Ahmed A, Kalayi G D
Department of Surgery, Ahmadu Bello University Teaching Hospital, Zaria, Nigeria.
East Afr Med J. 1998 Oct;75(10):582-5.
We reviewed 556 male urethral strictures treated at Ahmadu Bello University Teaching Hospital, Zaria between 1980 and 1989. Their ages ranged from nine to 80 years with a mean of 40 +/- 12.9 SD years.
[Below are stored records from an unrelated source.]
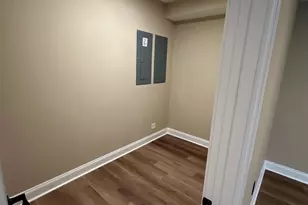 Lot 1 Keval Gyan Way, Winchester, VA 22603 - Photo 47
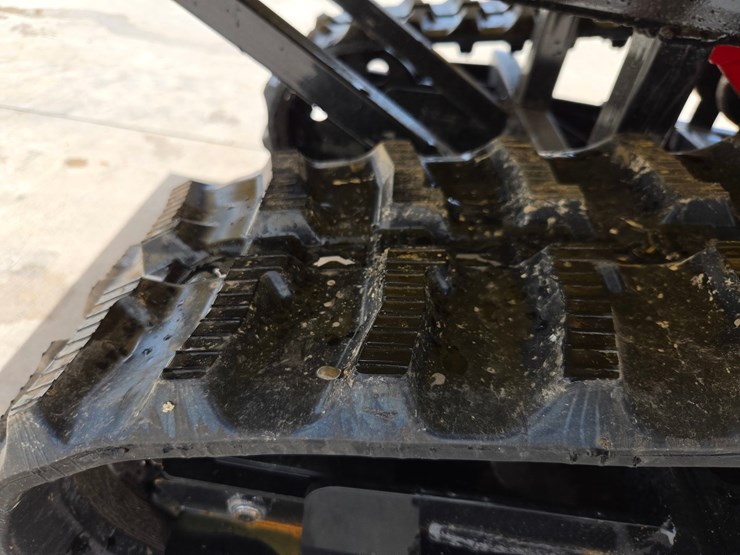 #5046-•-2026-cd25-crawler-dumper-image-29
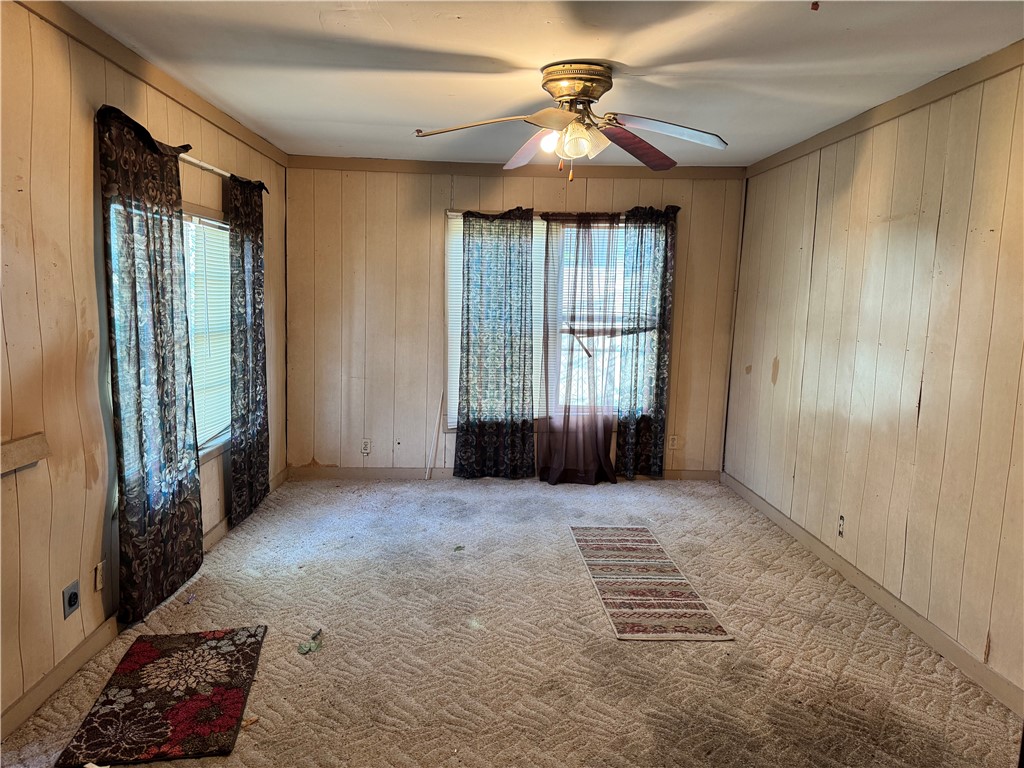 4721 Molina Dr Property Photo 4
Infection caused stricture in 66.5% while trauma accounted for 31.7%. Urethral injury associated with pelvic fracture from road traffic accident accounted for 68% of the traumatic causes. Inflammatory strictures were mainly located in the bulbar urethra (69.9%), while most traumatic ones involved membranous urethra (74.4%). Inflammatory strictures were mostly multiple (85%) while 90% of traumatic ones were single. Many patients with inflammatory strictures had more than one episode of urethritis. About 58% of the patients were treated by dilatation, 16% by visual internal urethrotomy and 26% by urethroplasty. Best results were obtained in patients treated by urethroplasty where 72% were satisfied with their treatment. Overall, 61% of the patients were satisfied with their treatment and were voiding urine without effort at two years. Re-stricture occurred in 21% and 23% of patients treated by urethroplasty and internal urethrotomy respectively. Urethroplasty is advocated upon less strict indications where the expertise is available.